San Francisco? Sure they sell out now, but remember when they drew 10,000 per in the 80s at the stick? I thought they were headed to Tampa Bay for sure in the mid 90s. Even way back when they were this close to moving to Toronto in the 70s. A great baseball town? Hardly.

Best baseball towns through THICK AND THIN:

1. St. Louis
2. Chicago
3. Boston
4. New York
5. Denver
6. Kansas City (best attendance per capita over the last ten years despite 1 winning season)
7. Baltimore
8. Cincinnati
9. San Diego
10.Los Angeles

Only supported because of new stadiums
1. Dallas-Ft. Worth
2. Phoenix
3. Seattle
4. Houston

Haven't had much to cheer about in so long, so special exemption
1. Milwaukee
2. Detroit
3. Montreal

Biggest fairweather baseball towns
1. Atlanta
2. Cleveland
3. Anaheim
4. Toronto
5. Minneapolis

Refuse to support team no matter what
1. Miami
2. Oakland
3. Tampa
4. Pittsburgh
5. Philadelphia


----------



## James_F (Apr 23, 2002)

> _Originally posted by guest _
> *Those 2.8 million show up in the 3rd inning and leave in the 7th. *


So?


----------



## razorbackfan (Aug 18, 2002)

I vote for Los Angeles. Tommy Lasorda, Vin Scully and Dodger Dogs!


----------



## Timco (Jun 7, 2002)

> _Originally posted by guest _
> *Those 2.8 million show up in the 3rd inning and leave in the 7th. *


The real reason for this is the traffic. The traffic in LA starts around 3:30pm and ends around 7pm. It takes FOREVER to get to a 7pm game.

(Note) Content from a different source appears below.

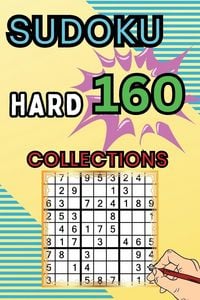 Produktbild: 160 Hard Sudoku Collections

I have been to quite of few ballparks, and IMO Dodger Stadium is probably the most beautiful and one of the few ballparks that is truely family oriented.


----------



## James_F (Apr 23, 2002)

See anyone who has ever seen a baseball game in Dodger Stadium agrees with me. Best baseball environment.


----------



## Guest (Oct 11, 2002)

> _Originally posted by James_F _
> *
> 
> So? *


So what? Last time I checked games typically run 9 innings or more. Just stating the obvious. It is widely known that Dodger "Fans" arrive late and leave early - even on weekend games when traffic is much different.


----------



## James_F (Apr 23, 2002)

> _Originally posted by guest _
> *
> 
> So what? Last time I checked games typically run 9 innings or more. Just stating the obvious. It is widely known that Dodger "Fans" arrive late and leave early - even on weekend games when traffic is much different. *


Again So? Its proven that Dodger games are one of the best places to watch baseball. And this is from a GIANTS fan! Saying that Dodger fans arrive in the 3rd and leave in the 7th is a national pastime and IMO way off base. I'd say fewer than 30% leave at the 7th inning. Compare that with any large city. Its that way in SFO, PHX, LAX, SDO and even when I was at a Twins game this year. That argument is bunk. Its just what uninformed fans say because they are jealous about the California teams. :bang:


----------



## Guest (Oct 11, 2002)

I simply restated what is said over and again on national baseball broadcasts. The announcers who make that statement certainly have a much more informed opinion that the uninformed fan. They certainly have occasion to travel to every MLB park to witness this firsthand.


----------



## James_F (Apr 23, 2002)

They say it because the fans like to hear it. If you've ever been to a game at Chavez Ravine, then you'd know why everyone thinks its a great place to watch a game and have fans who know what baseball is around you. You don't have the corporate people taking up all the seats, just regular Joes who enjoy being in Dodger Stadium.


----------



## Pete K. (Apr 23, 2002)

The worst baseball cities?
Montreal
Tampa-St. Pete
Miami
Milwaukee (despite a new stadium.)


----------



## Timco (Jun 7, 2002)

Does Montreal even count as a baseball city?


----------



## razorbackfan (Aug 18, 2002)

Go to Dodger Stadium and park at the gift store. Then walk directly across the parking lot. Amazing view of downtown LA.


----------